TASK OBJECTIVE ::
Wherever "Heart" occurs in the entries, copy the line that holds it.

DATA FOR PROCESSING ::
· · · ·

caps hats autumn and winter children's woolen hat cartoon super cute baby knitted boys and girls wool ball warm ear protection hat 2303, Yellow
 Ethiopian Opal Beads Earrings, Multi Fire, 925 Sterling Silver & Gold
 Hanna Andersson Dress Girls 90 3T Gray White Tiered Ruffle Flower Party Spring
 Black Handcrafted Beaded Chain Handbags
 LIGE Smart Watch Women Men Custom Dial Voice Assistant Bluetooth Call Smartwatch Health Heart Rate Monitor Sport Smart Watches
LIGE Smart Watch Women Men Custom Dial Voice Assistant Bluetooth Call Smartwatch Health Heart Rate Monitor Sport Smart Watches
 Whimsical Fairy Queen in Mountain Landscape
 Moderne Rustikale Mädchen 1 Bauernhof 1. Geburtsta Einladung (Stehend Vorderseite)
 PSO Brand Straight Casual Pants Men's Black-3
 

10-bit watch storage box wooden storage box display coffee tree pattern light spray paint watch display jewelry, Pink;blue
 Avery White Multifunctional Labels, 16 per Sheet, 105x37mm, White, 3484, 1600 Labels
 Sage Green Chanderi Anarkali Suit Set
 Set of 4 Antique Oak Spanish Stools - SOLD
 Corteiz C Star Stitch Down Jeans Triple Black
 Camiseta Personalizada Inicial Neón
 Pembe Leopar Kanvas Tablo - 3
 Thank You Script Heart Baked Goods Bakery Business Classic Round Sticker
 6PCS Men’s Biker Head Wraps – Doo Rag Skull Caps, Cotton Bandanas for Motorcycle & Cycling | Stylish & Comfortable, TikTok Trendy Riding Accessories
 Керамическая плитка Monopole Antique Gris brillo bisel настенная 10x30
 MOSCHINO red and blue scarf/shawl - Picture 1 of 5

· · · ·

SOLUTION ::
 LIGE Smart Watch Women Men Custom Dial Voice Assistant Bluetooth Call Smartwatch Health Heart Rate Monitor Sport Smart Watches
LIGE Smart Watch Women Men Custom Dial Voice Assistant Bluetooth Call Smartwatch Health Heart Rate Monitor Sport Smart Watches
 Thank You Script Heart Baked Goods Bakery Business Classic Round Sticker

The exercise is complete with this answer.